Finance is one of the most heavily regulated industries in existence. Can the objectives of regulation and greater sustainability sit comfortably alongside one another given the pressure to retain, analyse and monetise ever increasing quantities of data?
"There are regulations that kick in this year around identifying the ESG and sustainability levels against all of your products," [Clark is referring here to EU Benchmark Regulation.]
"What we've done with a large asset manager, is help them to build up an ESG portal where they can identify the different carbon or ESG levels for all of the products that they sell. When they create funds they can put specific badges on it, and report that back to the regulators. In advance of the regulation coming into play they've been able to give the regulator a very good understanding that they are meeting those criteria."
Does the picture look different in retail banking where complying with regulations such as GDPR create additional challenges around data retention?
"This comes back to increasing storage and then the compute needed to then keep that storage running. Green coding principles facilitate the identification of specific archiving routines. We can strip specific data that isn't required to meet specific regulations. We can look at how you move between different tiers of disks and the cloud. Cloud does some of this anyway. In S3 you can tier disks and in Azure you can create lifetime policies against different types of data, so data will get deleted after a defined point."
Appealing to employees & customers
One of the benefits of pursuing a policy of sustainable development is that it appeals to employees who care about the ethics and values of the company they work for. In an era of intense competition for skills, particularly in software engineering, it is likely to help an employer stand out in the arguably overheated marketplace for skills.
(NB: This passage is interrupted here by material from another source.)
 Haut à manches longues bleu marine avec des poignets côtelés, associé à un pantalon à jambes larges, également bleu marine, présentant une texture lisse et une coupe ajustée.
Clark acknowledges it's had an impact.
"I think it's probably engaged some of the younger developers, because it's something that's a bit different from what a lot of the other organisations are doing. It's something where they can feel like they're having a positive impact on the environment. For the younger generation in particular that seems to resonate a lot. They tend to care a lot more about what they're doing in all walks of life and coding is included in that."
The company made green coding the central part of their theme at AWS Reinvent at the end of last year, and Clark says the reaction was enormously positive.
"We've got a huge number of people coming and talking to us about green coding, what it means, how we applied it, what the framework means, what benefits we see from it for both our own staff and for clients. It seemed to strike a chord with a lot of the techies there."
Clark acknowledges that green coding principles will take time to become integrated into mainstream development. Nonetheless, the direction of travel is clear.
"Is green coding going to be the thing that every investment bank or asset manager is going to jump on right now? No. But as time goes by financial organisations must start taking this more seriously, particularly as the generation with more of a focus on the environment enters the workforce in greater numbers.
"Having said that we are getting some traction with our customers and people are starting to take notice and talk to us about it. I think in a few years' time it will be a lot more current in the market and be a core part of the messaging of financial organisations than it is today."